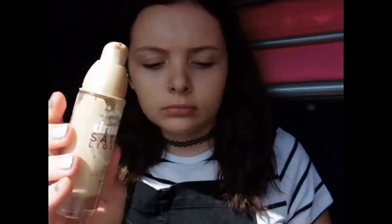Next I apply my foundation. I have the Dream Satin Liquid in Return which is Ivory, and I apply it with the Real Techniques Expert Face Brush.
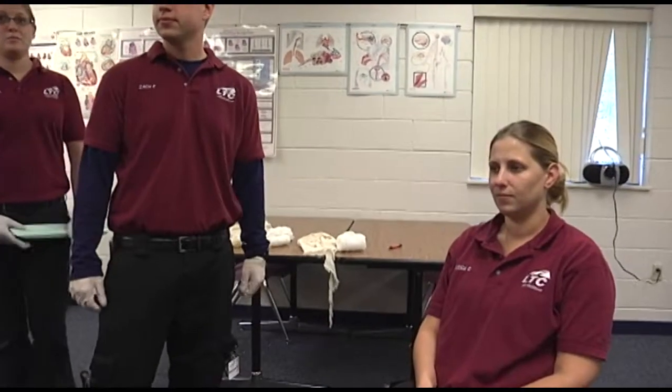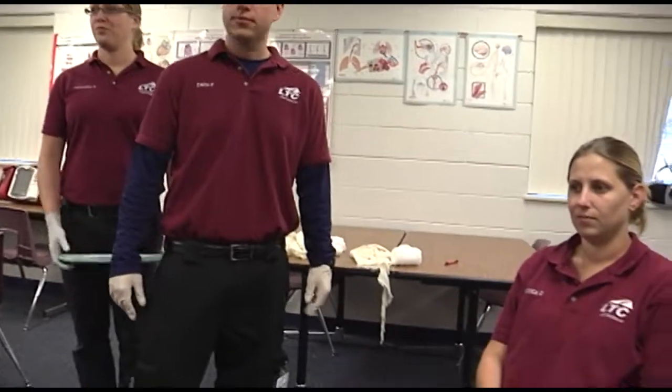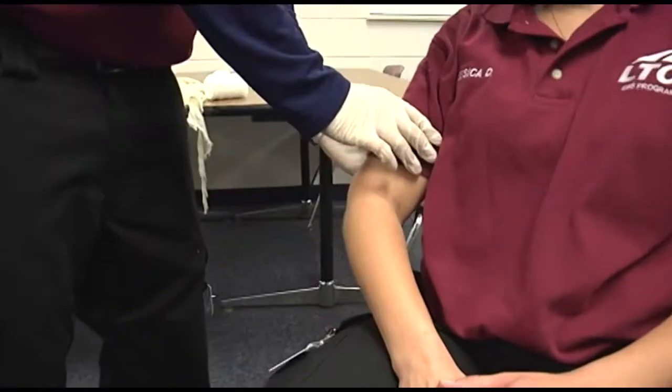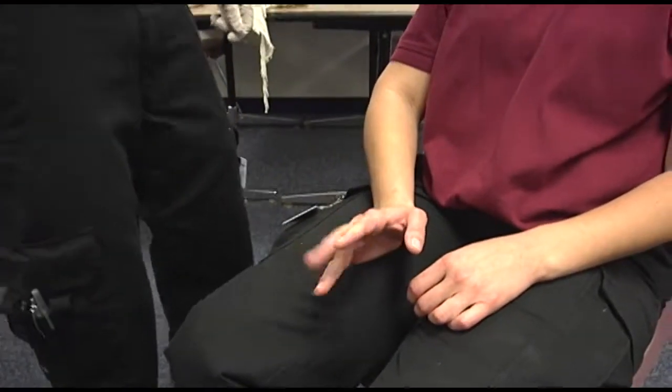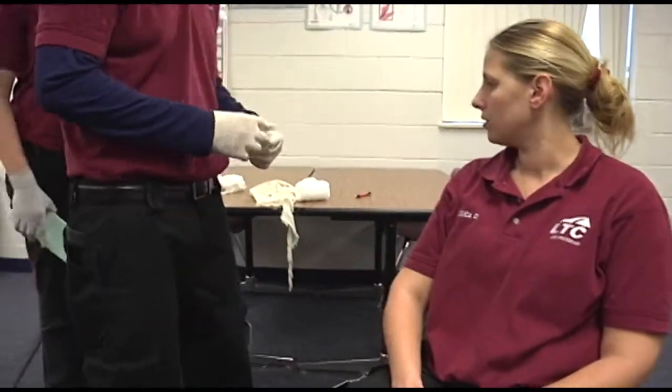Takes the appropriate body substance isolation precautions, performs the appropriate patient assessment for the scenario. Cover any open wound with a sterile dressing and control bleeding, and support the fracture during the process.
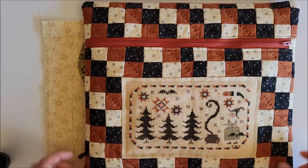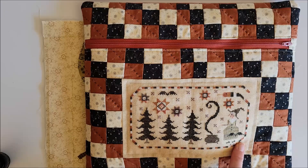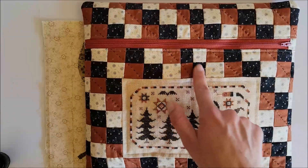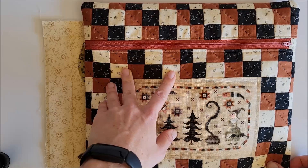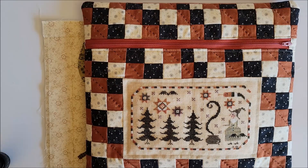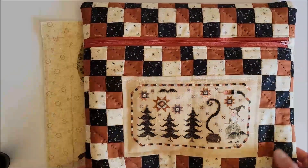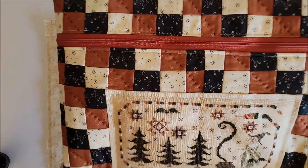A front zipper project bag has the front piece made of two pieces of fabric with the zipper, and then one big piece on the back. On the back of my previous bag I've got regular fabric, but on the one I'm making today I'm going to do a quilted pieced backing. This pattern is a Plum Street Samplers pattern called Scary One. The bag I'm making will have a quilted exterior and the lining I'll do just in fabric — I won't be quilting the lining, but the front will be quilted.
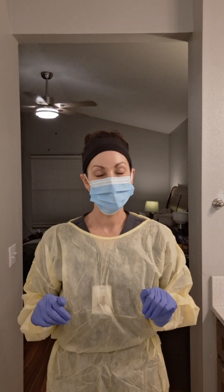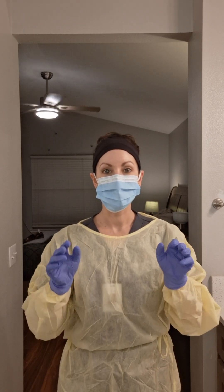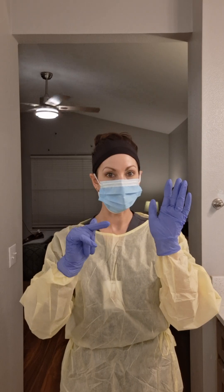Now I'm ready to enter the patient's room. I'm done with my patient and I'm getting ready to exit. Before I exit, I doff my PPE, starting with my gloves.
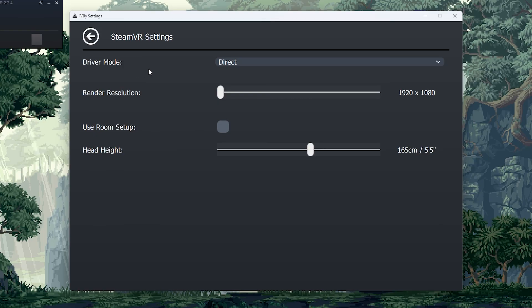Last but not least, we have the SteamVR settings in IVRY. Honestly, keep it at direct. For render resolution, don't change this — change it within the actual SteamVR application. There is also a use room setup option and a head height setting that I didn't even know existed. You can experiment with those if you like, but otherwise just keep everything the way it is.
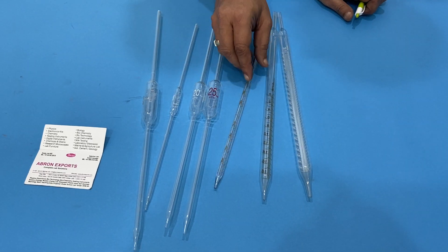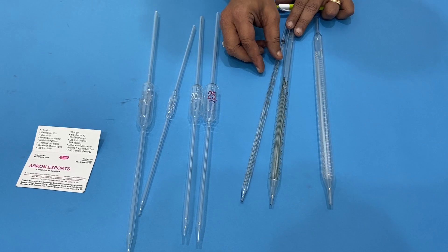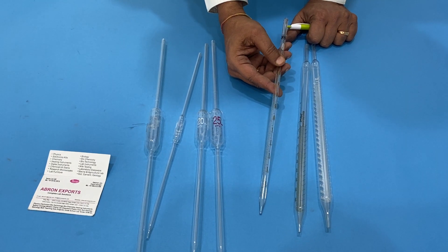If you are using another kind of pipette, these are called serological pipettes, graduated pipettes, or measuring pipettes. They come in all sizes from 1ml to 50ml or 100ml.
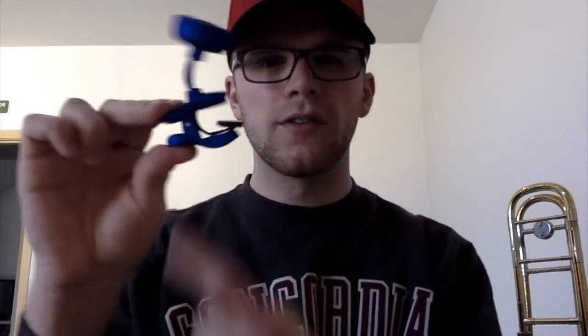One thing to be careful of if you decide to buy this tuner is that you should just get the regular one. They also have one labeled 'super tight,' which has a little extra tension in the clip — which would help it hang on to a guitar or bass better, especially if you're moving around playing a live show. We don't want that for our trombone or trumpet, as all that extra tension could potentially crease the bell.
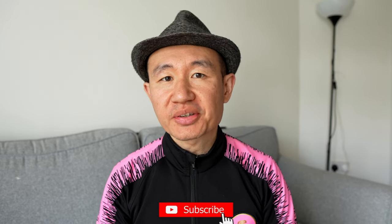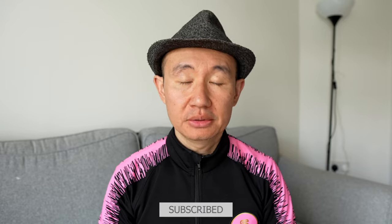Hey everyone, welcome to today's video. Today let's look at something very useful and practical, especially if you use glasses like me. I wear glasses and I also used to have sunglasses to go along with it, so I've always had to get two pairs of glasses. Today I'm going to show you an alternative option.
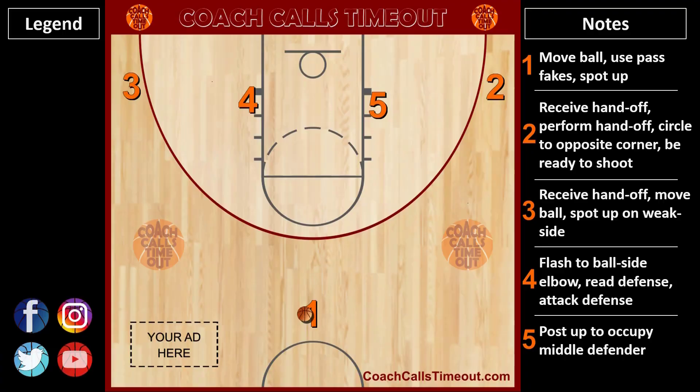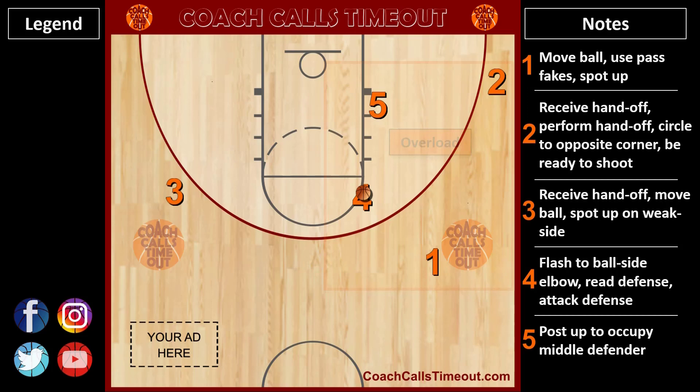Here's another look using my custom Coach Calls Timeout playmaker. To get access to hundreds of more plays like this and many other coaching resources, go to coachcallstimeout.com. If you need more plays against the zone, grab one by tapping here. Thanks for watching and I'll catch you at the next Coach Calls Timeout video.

§

■ Work instructions ■
Word for word, repeat the lines above from the one with "Last but not" through the one with "Hey everyone, welcome", and nothing beyond them. Omit the pictures.

■ Exercise response ■
Last but not least, we have the SteamVR settings in IVRY. Honestly, keep it at direct. For render resolution, don't change this — change it within the actual SteamVR application. There is also a use room setup option and a head height setting that I didn't even know existed. You can experiment with those if you like, but otherwise just keep everything the way it is.
If you are using another kind of pipette, these are called serological pipettes, graduated pipettes, or measuring pipettes. They come in all sizes from 1ml to 50ml or 100ml.
One thing to be careful of if you decide to buy this tuner is that you should just get the regular one. They also have one labeled 'super tight,' which has a little extra tension in the clip — which would help it hang on to a guitar or bass better, especially if you're moving around playing a live show. We don't want that for our trombone or trumpet, as all that extra tension could potentially crease the bell.
Hey everyone, welcome to today's video. Today let's look at something very useful and practical, especially if you use glasses like me. I wear glasses and I also used to have sunglasses to go along with it, so I've always had to get two pairs of glasses. Today I'm going to show you an alternative option.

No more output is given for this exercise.